Titus Müller: Nachtauge

Müller: NachtaugeEin gelungener historischer Roman, der in der Zeit des 2. Weltkrieges spielt. Ausgehend von wahren Begebenheiten erzählt Titus Müller in zwei Erzählsträngen eine Spionagegeschichte, die in England spielt und eine Liebesgeschichte, die in Deutschland spielt. Durch verschiedene Personen und verschiedene Perspektiven gibt er dem Leser einen guten Einblick in die verworrene Zeit des Nationalsozialismus.

Hauptpersonen sind im einen Erzählstrang der britische Agent Eric Knowlden, der eine deutsche Spionin mit Codenamen Nachtauge jagt. Nachtauge versucht durch Sabotageakte die englische Kriegsführung zu stören und geht dabei gerissen und kaltblütig vor. Sie versteht es, unerkannt zu bleiben und andere Menschen zu täuschen. Bei Männern kommt ihr dabei ihr attraktives Aussehen zugute. Sie steht kurz davor einen möglicherweise kriegsentscheidenden Flugangriff auf die deutsch Möhntalsperre aufzudecken. Eric Knowlden versucht sie daran zu hindern.

Im anderen Erzählstrang wird die Geschichte von Georg Hartmann, eines deutschen Lagerleiters von Zwangsarbeiterinnen erzählt. Er ist eigentlich Lehrer und hat nur mit Hilfe seines Schwagers, der bei der Gestapo arbeitet, die Stelle als Lagerleiter bekommen. Ansonsten hätte er an die Front müssen. Doch Georg identifiziert sich nicht mit der nationalsozialistischen Sichtweise und gerät in immer größere innere und äußere Konflikte. Völlig unmöglich wird seine Situation, als er sich in die ukrainische Lagerarbeiterin Nadjeschka verliebt.

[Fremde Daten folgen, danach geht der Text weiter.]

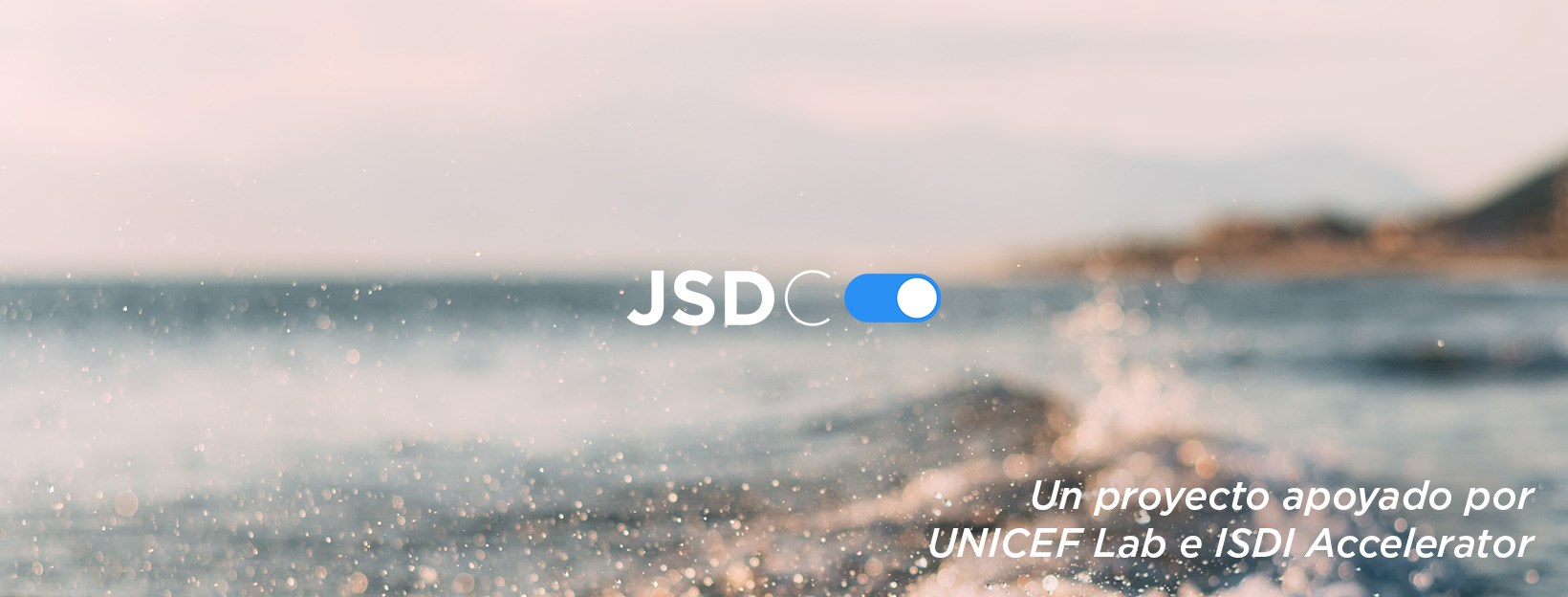 JSDC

Interessant fand ich den historischen Hintergrund. Die Möhntalsperre wurde im 2. Weltkrieg tatsächlich von den Briten durch eine neuartige Bombentechnik und waghalsige Flugmanöver bombardiert und beschädigt. Auch das Lager von Zwangsarbeiterinnen unterhalb der Möhntalsperre gab es wirklich und sogar dass sich der Lagerleiter in eine Arbeiterin verliebt hat und sie nach dem Krieg geheiratet hat beruht auf echten Ereignissen. Titus Müller hat Geschichtswissenschaft, Literatur und Publizistik studiert und von daher den Stoff gut recherchiert und spannend aufbereitet.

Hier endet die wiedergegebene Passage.